(DATA PROVIDED begins)
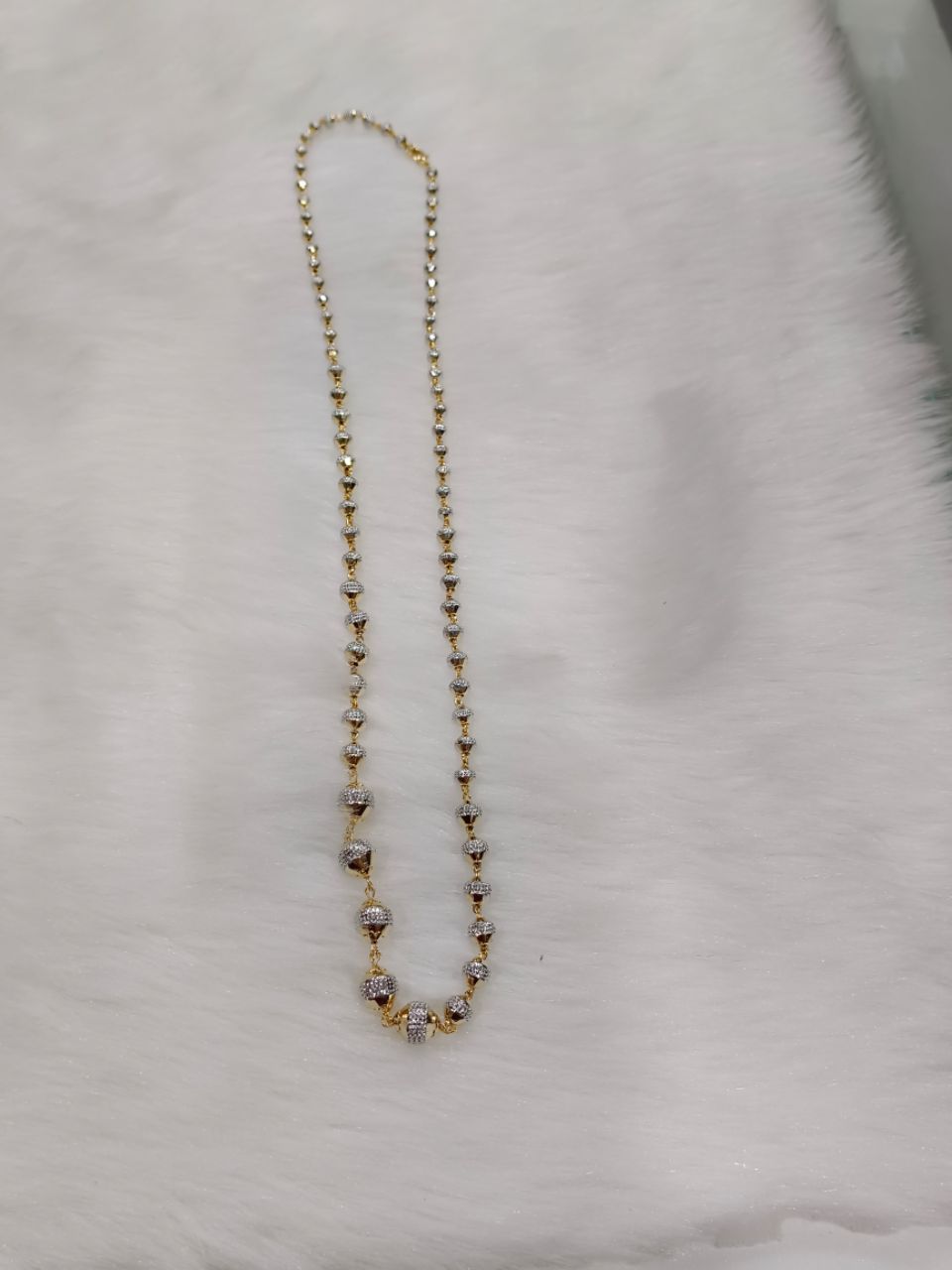 Gold Plated Necklace view 2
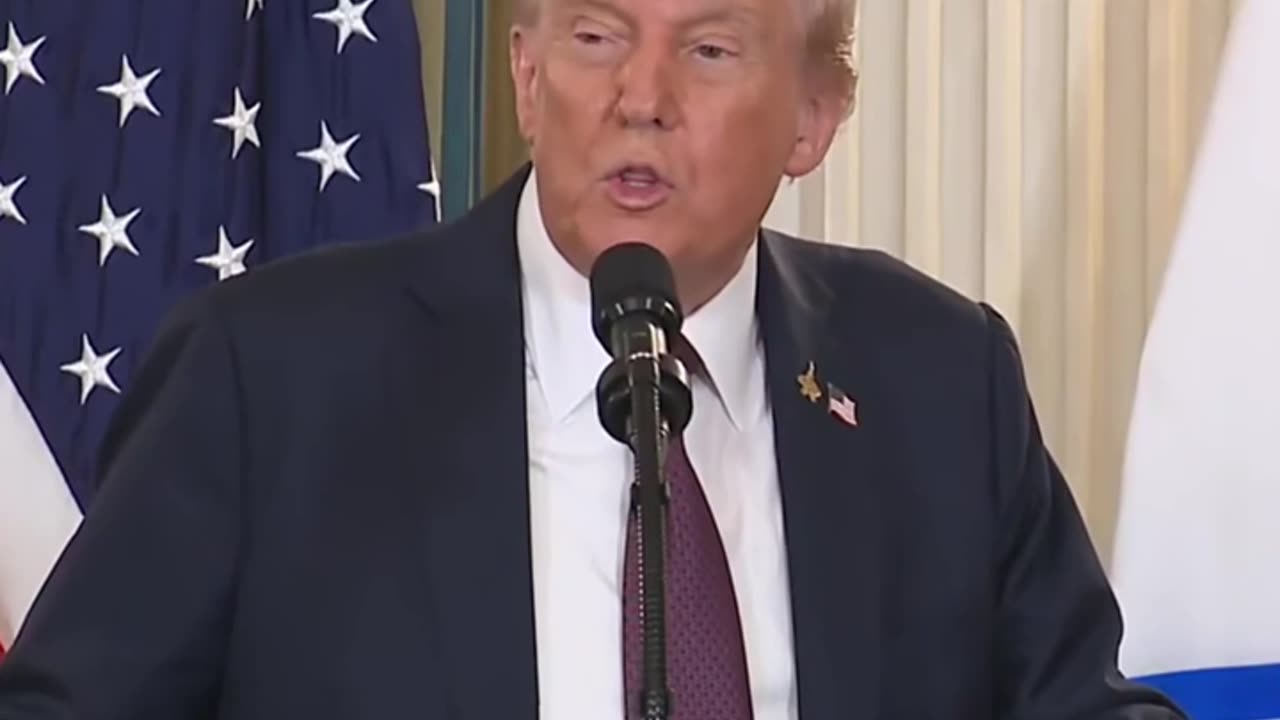 "Y llamémoslo paz eterna en Medio Oriente"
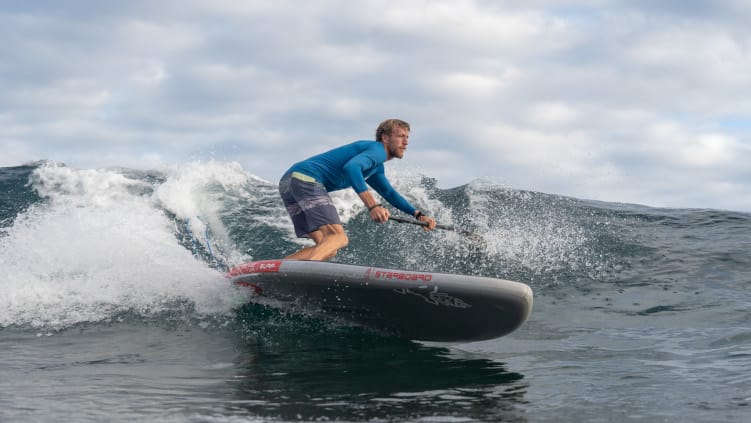 Starboard 2023 Surf / Wedge Inflatable : le nouveau SUP surf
(DATA PROVIDED ends)
Every line from the one containing "llamémoslo paz eterna" through the last line of the data is to be retyped exactly, with nothing added and no pictures included.

 "Y llamémoslo paz eterna en Medio Oriente"
 Starboard 2023 Surf / Wedge Inflatable : le nouveau SUP surf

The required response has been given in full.